Value of Information: A Framework for Human-Agent Communication
Yijiang River Dong, Tiancheng Hu, Zheng Hui, Caiqi Zhang, Ivan Vulić, Andreea Bobu, Nigel Collier
TL;DR
The paper tackles the problem of underspecified user requests in autonomous LLM agents by introducing a decision-theoretic framework based on the Value of Information (VoI). It formalizes Clarify-or-Commit as a sequential decision process and provides an inference-time VoI method that estimates belief distributions, simulates user responses, and selects queries only when the expected downstream utility gain justifies the communication cost, all without hyperparameter tuning.

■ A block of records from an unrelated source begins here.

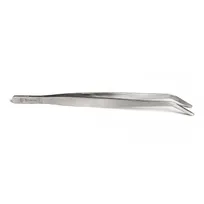 product of Browne USA 57515 Tongs, 8" Curved Stainless Steel, Serrated Tip, 3"-9" Length, Plating Tool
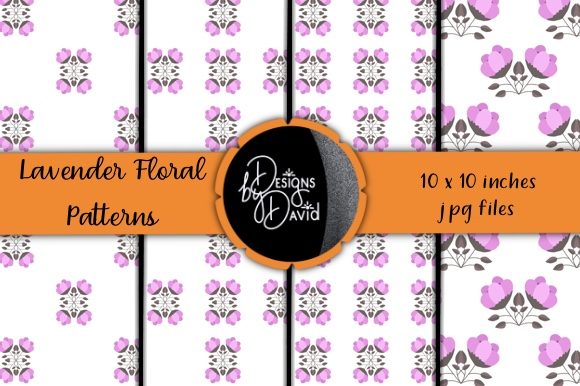 The Timeless Appeal of Lavender Floral Patterns: A Guide to Using Digital Design Assets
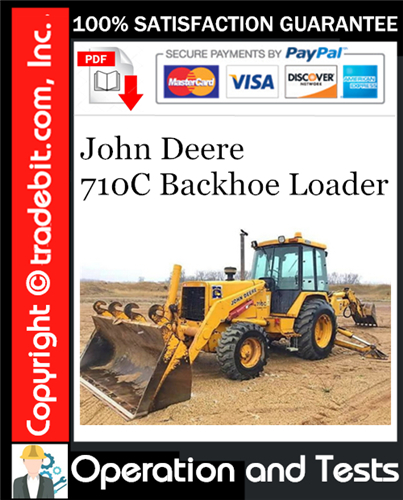 Thumbnail John Deere 710C Backhoe Loader Operation and Test Technical Manual Download ★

The approach is instantiated with LLMs and validated across four domains—20 Questions, medical diagnosis, flight booking, and e-commerce—showing that VoI consistently matches or exceeds manually tuned baselines, with notable gains in high-cost settings (up to 1.36 utility points). The work demonstrates a practical foundation for adaptive human–AI collaboration, balancing task risk, query ambiguity, and user effort, and it highlights implications for safer, more efficient interaction and future extensions to fully open-ended dialogue.
Abstract
Large Language Model (LLM) agents deployed for real-world tasks face a fundamental dilemma: user requests are underspecified, yet agents must decide whether to act on incomplete information or interrupt users for clarification. Existing approaches either rely on brittle confidence thresholds that require task-specific tuning, or fail to account for the varying stakes of different decisions. We introduce a decision-theoretic framework that resolves this trade-off through the Value of Information (VoI), enabling agents to dynamically weigh the expected utility gain from asking questions against the cognitive cost imposed on users. Our inference-time method requires no hyperparameter tuning and adapts seamlessly across contexts-from casual games to medical diagnosis. Experiments across four diverse domains (20 Questions, medical diagnosis, flight booking, and e-commerce) show that VoI consistently matches or exceeds the best manually-tuned baselines, achieving up to 1.36 utility points higher in high-cost settings. This work provides a parameter-free framework for adaptive agent communication that explicitly balances task risk, query ambiguity, and user effort.